_TASK_: From the line containing "<span class=keywords><strong>Table</strong></span> de" down to the line containing "100 Pcs Regla", copy out the entries below exactly, both lines included, and nothing else; pictures do not belong in the copy.

_GIVEN RECORDS_:
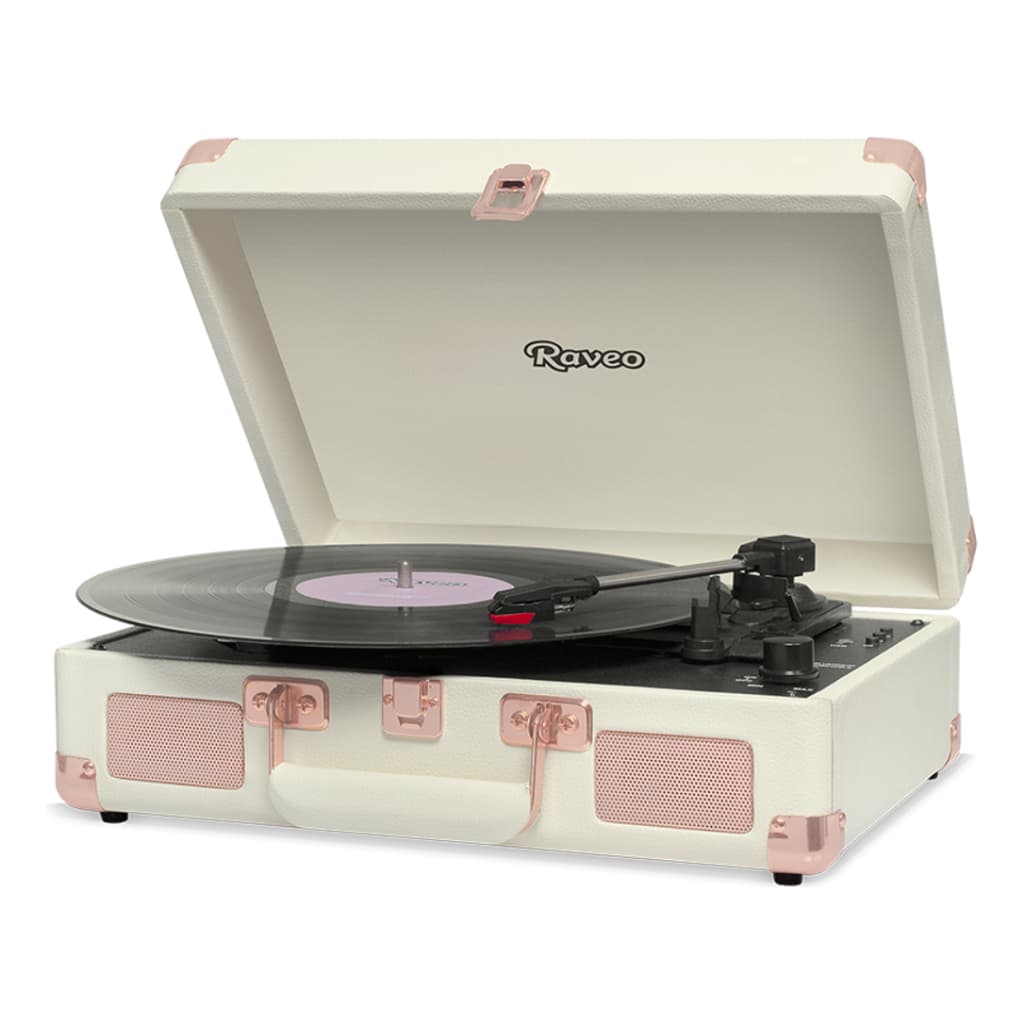 Vitrola Raveo Sonetto Retrô Toca Discos Vinil Rose Gold
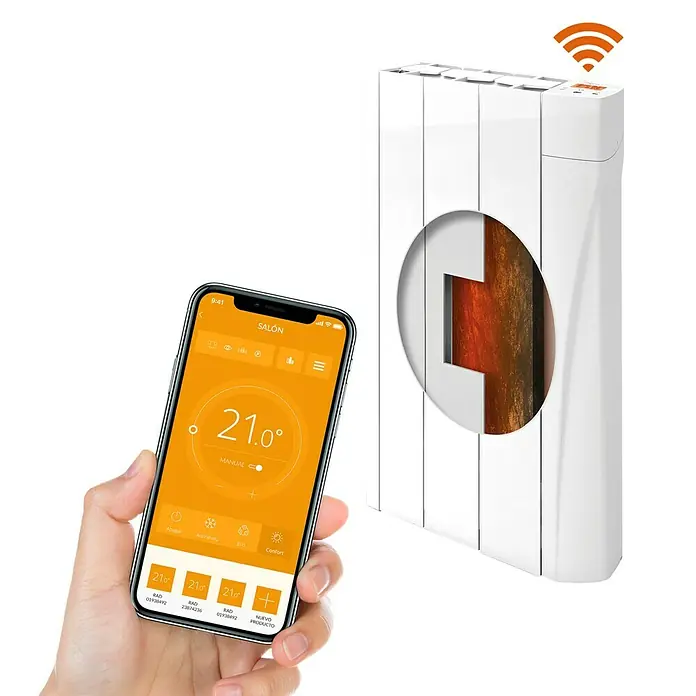 Voltomat HEATING Emisor térmico VOLCW - 500 W, Blanco, 9,8 x 34,5 x 57,5 cm, Cerámico - Una vista cercana de un radiador blanco con un teléfono inteligente naranja que muestra una aplicación de control de temperatura.
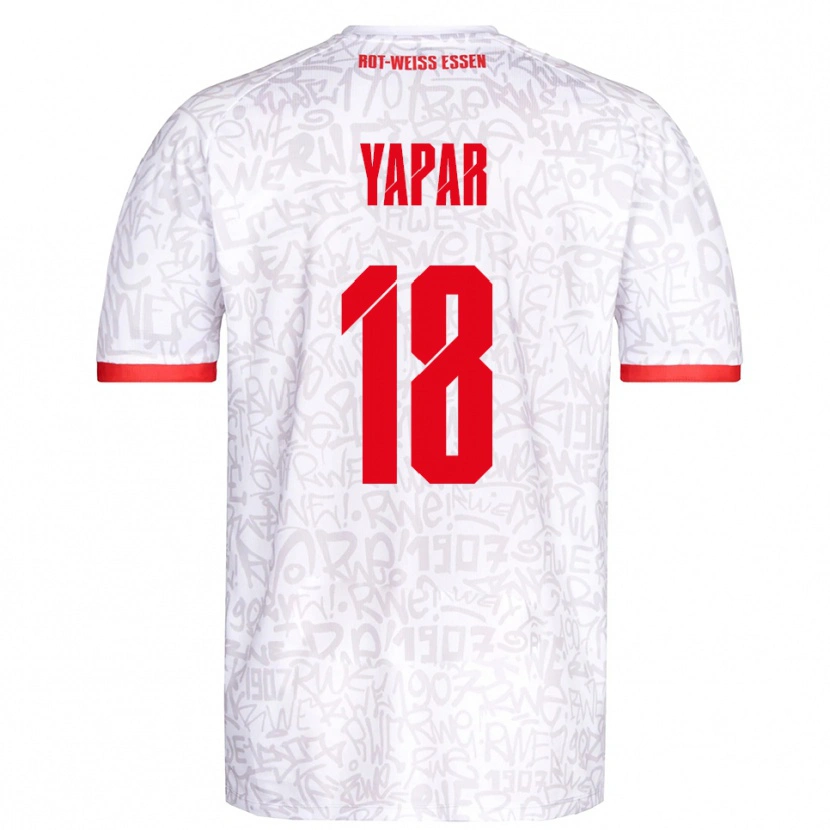 Danxen Enfant Maillot Atilla Yapar #18 Blanc Rouge Tenues Domicile 2025/26 T-Shirt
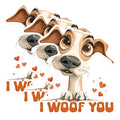 (3 Pack) I Woof You Decals - Dog Lover Stickers - Valentine Decals - 3 Inches On Longest Side - Easy Peel & Apply - Made in USA - 3MCS1398
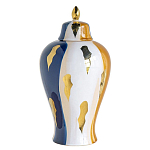 Ваза с крышкой и мазками синего и золого цвета на белом фоне Chinoiserie Ceramics варинант исполнения - 1 | Loft Concept в Перми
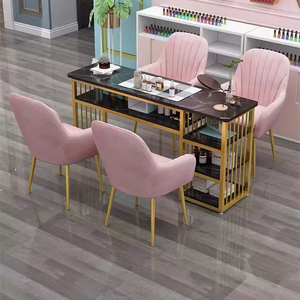 <span class=keywords><strong>Table</strong></span> de <span class=keywords><strong>manucure</strong></span> avec plateau en marbre et cadre en métal doré, tiroirs de rangement, nettoyage facile, collecteur de poussière, mobilier de salon commercial - Product Image 4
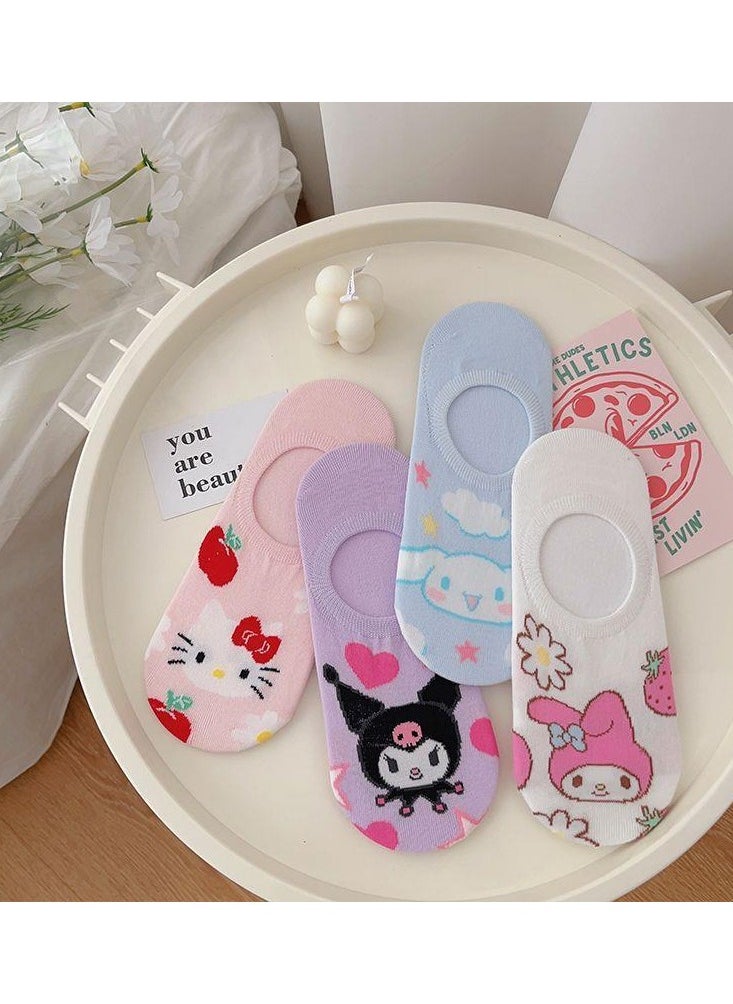 Sanrio - 4 Pair Sanrio Cotton Casual Ankle Socks Multicolour - Image 1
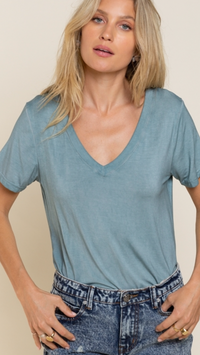 Blue Sage Soft V Neck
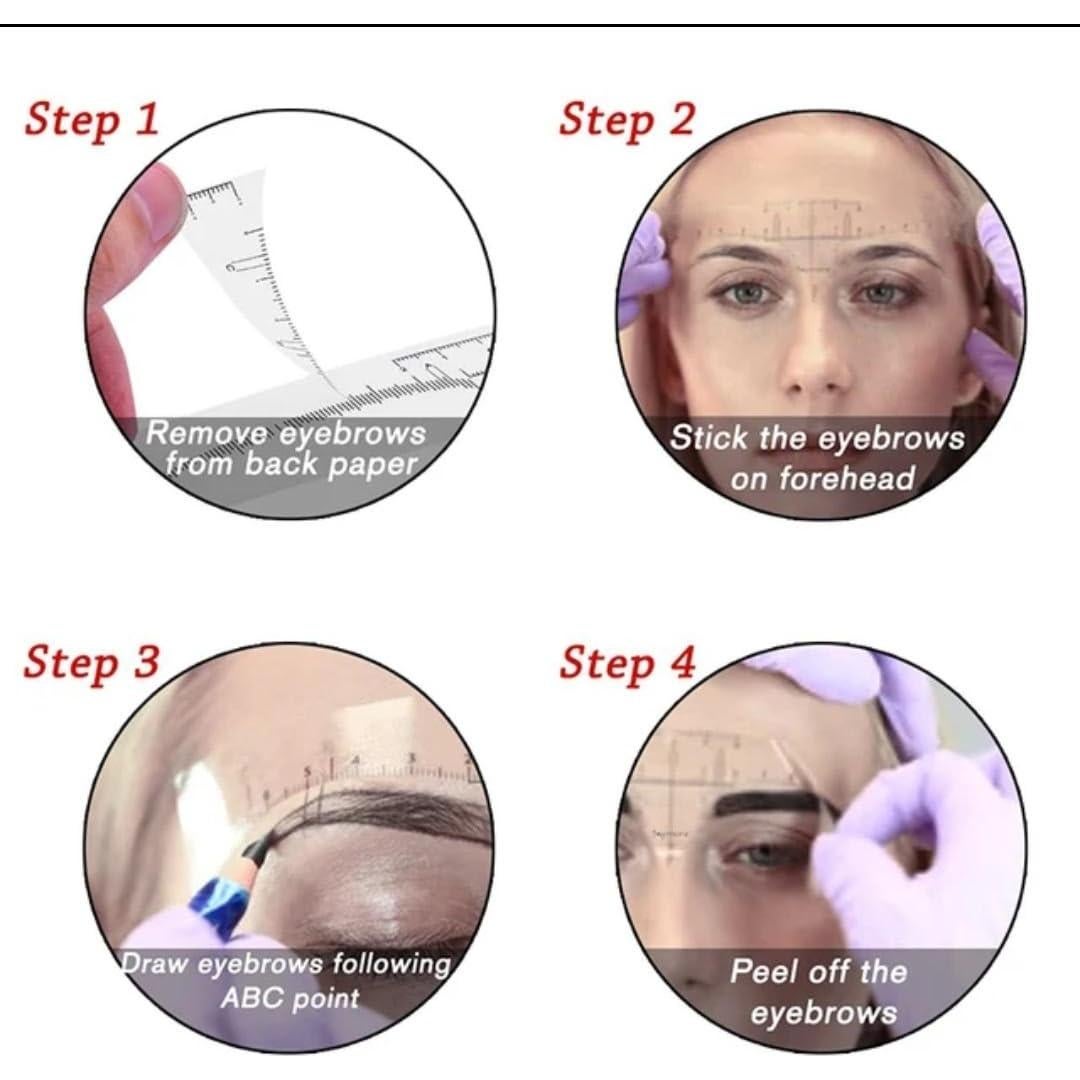 100 Pcs Regla Adhesiva Desechable para Cejas LEESAM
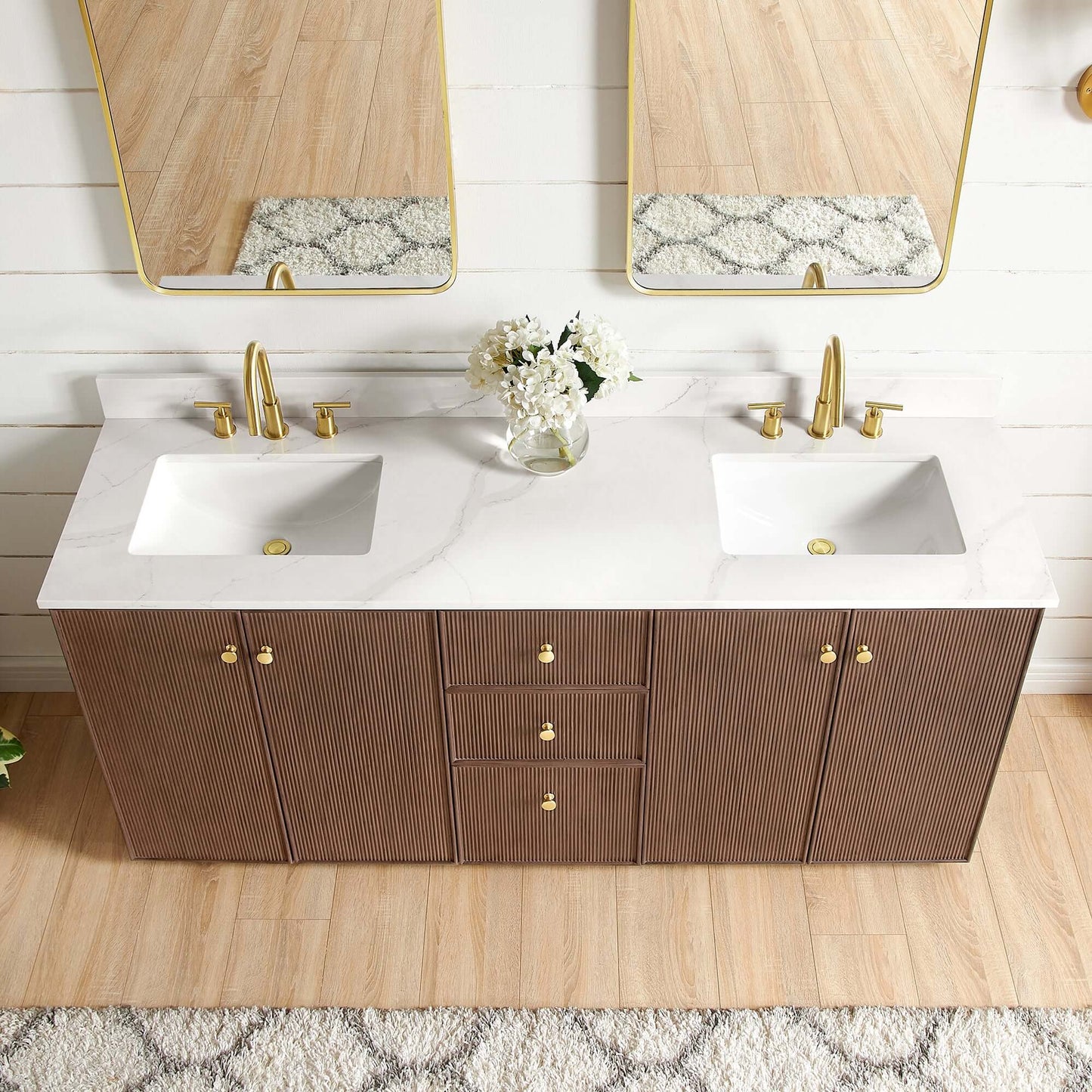 Vinnova Oza 72-inch free-standing double bathroom vanity in aged dark brown oak with Fish Maw white quartz stone top and mirror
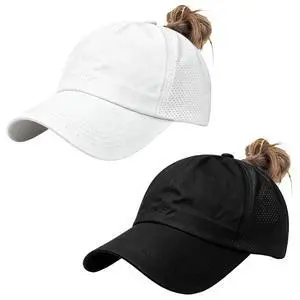 Womens Criss Cross Ponytail Baseball Cap, Adjustable High Messy Bun Sun Hat Quick Drying UV Protection Breathable Sport Cap for Outdoor Activities (US, Alpha, One Size, Black+White) Womens Criss Cross Ponytail Baseball Cap, Adjustable High Messy Bun Sun Hat Quick Drying UV Protection Breathable Sport Cap for Outdoor Activities (US, Alpha, One Size, Black+White)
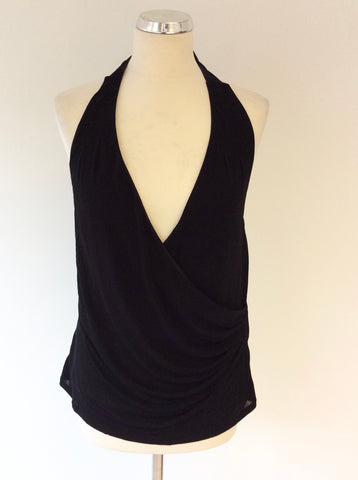 COAST BLACK HALTERNECK SILK TIE TOP SIZE M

_YOUR SOLUTION_:
 <span class=keywords><strong>Table</strong></span> de <span class=keywords><strong>manucure</strong></span> avec plateau en marbre et cadre en métal doré, tiroirs de rangement, nettoyage facile, collecteur de poussière, mobilier de salon commercial - Product Image 4
 Sanrio - 4 Pair Sanrio Cotton Casual Ankle Socks Multicolour - Image 1
 Blue Sage Soft V Neck
 100 Pcs Regla Adhesiva Desechable para Cejas LEESAM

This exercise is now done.